The "black death", Nikiforuk argues, had immense consequences. It helped destroy the traditional feudal social structure; it encouraged the weakening of centralized spiritual authority, and spurred on the Reformation. Bubonic plague drove European merchant-adventurers, short of customers (eventually, the plague almost halved the population of Europe), to look for markets in Asia, Africa, and the Americas-the beginning of what would be labelled imperialism. And the centuries-long harvest of lives by the plague changed the way people thought about Nature. "Once revered or at least respected, Nature was now an enemy to be feared and tamed." Ever since, our engineers, scientists, and doctors have devoted themselves to the subjugation of Nature, including, it must be said, the germs that continue to kill us.
AIDS provides Nikiforuk with a contemporary demonstration of the superorganism's response to human perturbation. The disease can't be described as merely the terrible consequence of one virus. It is instead a creature of scarcity and deprivation in Africa; the result of a cocktail of sex, drugs, and blood in North America. In both cases, sexual promiscuity helps to compromise faltering immune systems, and AIDS enters and kills. The virus is yet another sign of "genuine disturbance in human culture". Humans have yet to learn, Nikiforuk concludes, that they must take responsibility for the biological consequences of their actions.
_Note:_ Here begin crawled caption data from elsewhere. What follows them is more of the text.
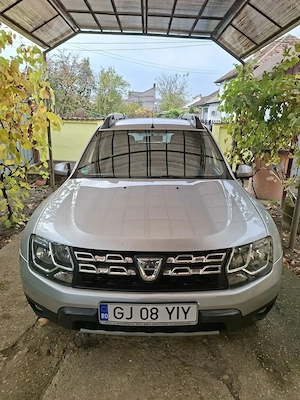 Vand Duster 2014,benzina,euro 5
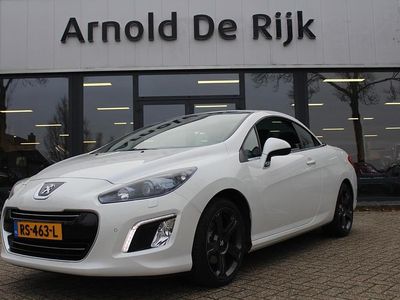 Occasion Peugeot 308 CC Roland Garros 2018 Wit Cabriolet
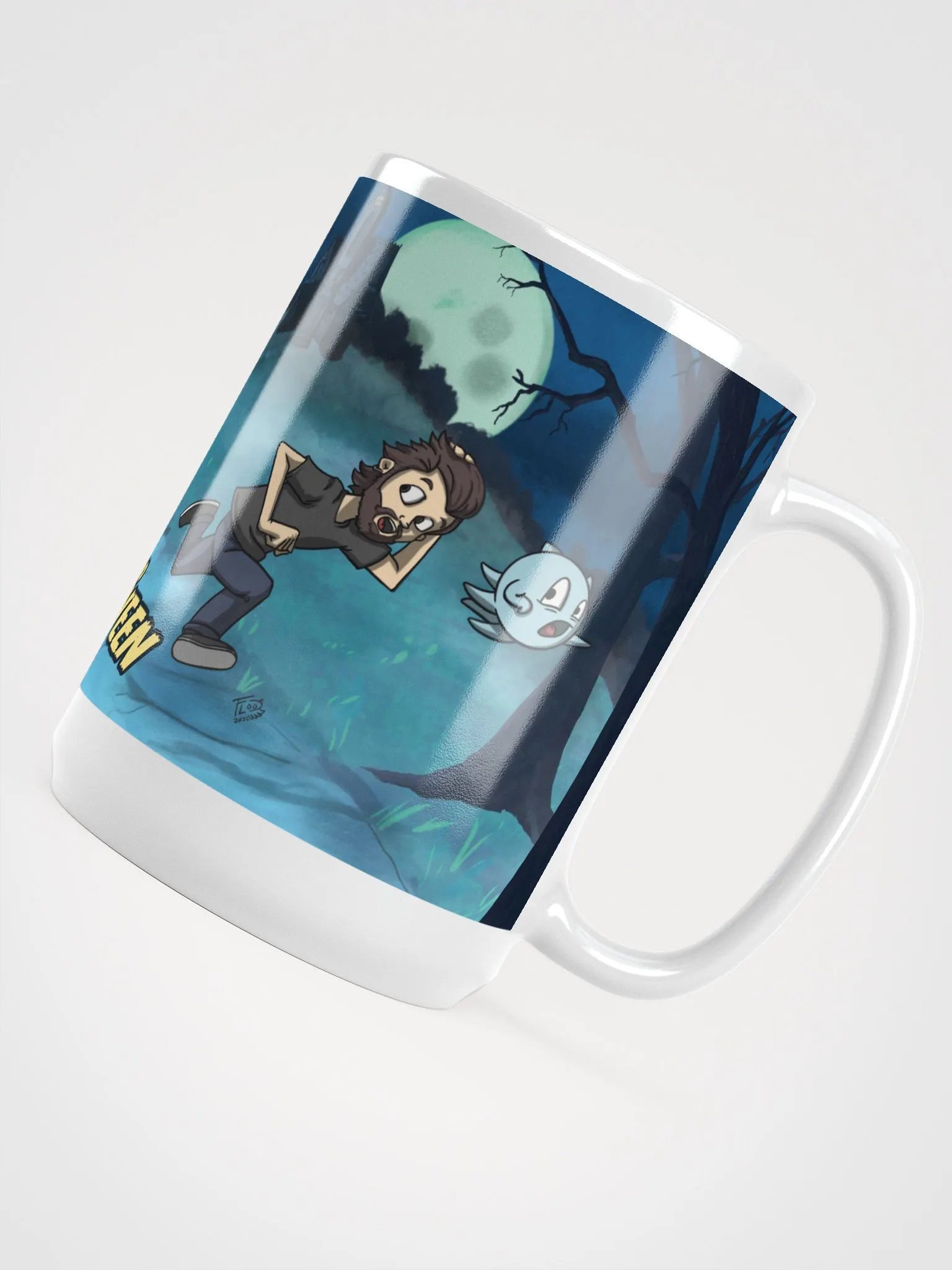 HALLOWEEN 2022 Mug product image (4)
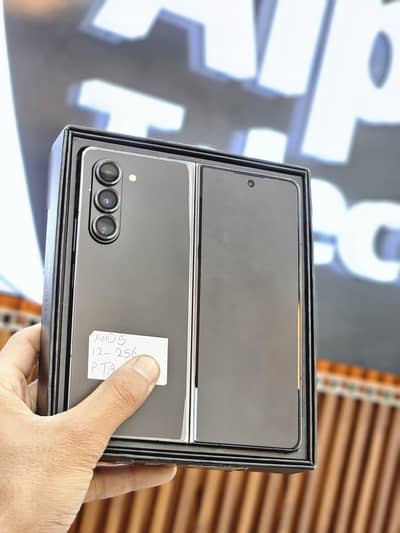 Samsung Z Fold 5 online PTA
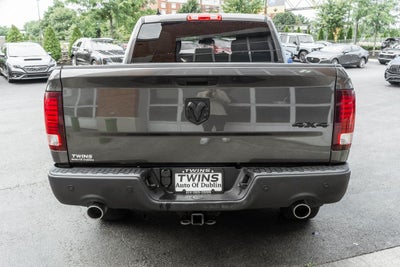 2021 RAM 1500 Classic Warlock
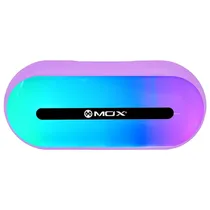Speaker Mox Mini MO-MS15 - 25W - Bluetooth - USB - Lilás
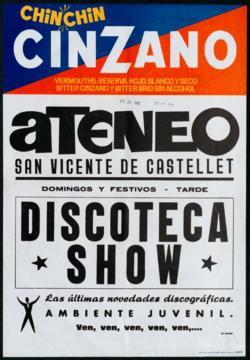 Discoteca show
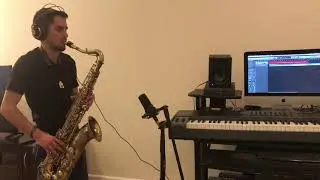 MEUTE - You & Me (Sax Cover)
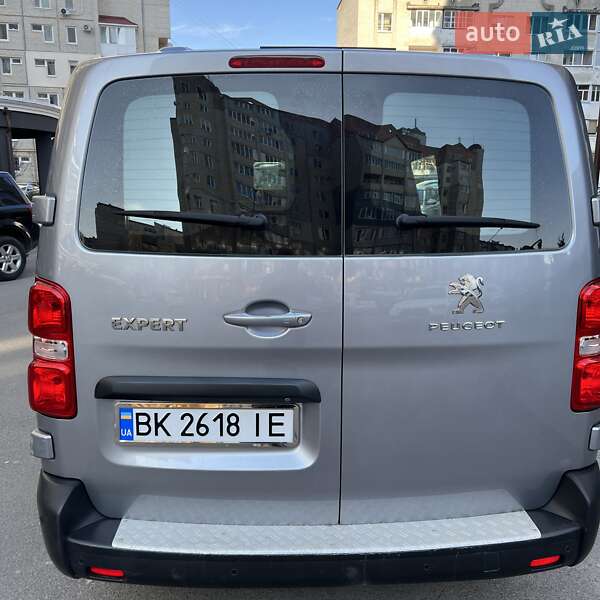 Грузовой фургон Peugeot Expert 2019 в Львове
This is a fascinating and frightening book. And while Nikiforuk concludes with the upbeat reminder that we can't ignore the First Horseman, Hope, that seems remote comfort, at least in the near future. Our species appears to be so irremediably committed to the creation of "abnormal conditions"-indeed they're the inevitable by-product of most human activity-that it will take us a long time to learn, if we ever can, how to coexist equably with the superorganism.
In that case, we must presumably resign ourselves to continuing microbial culls, like the heedless and foolish animals we are.
Derek Lundy is a Toronto writer and lawyer.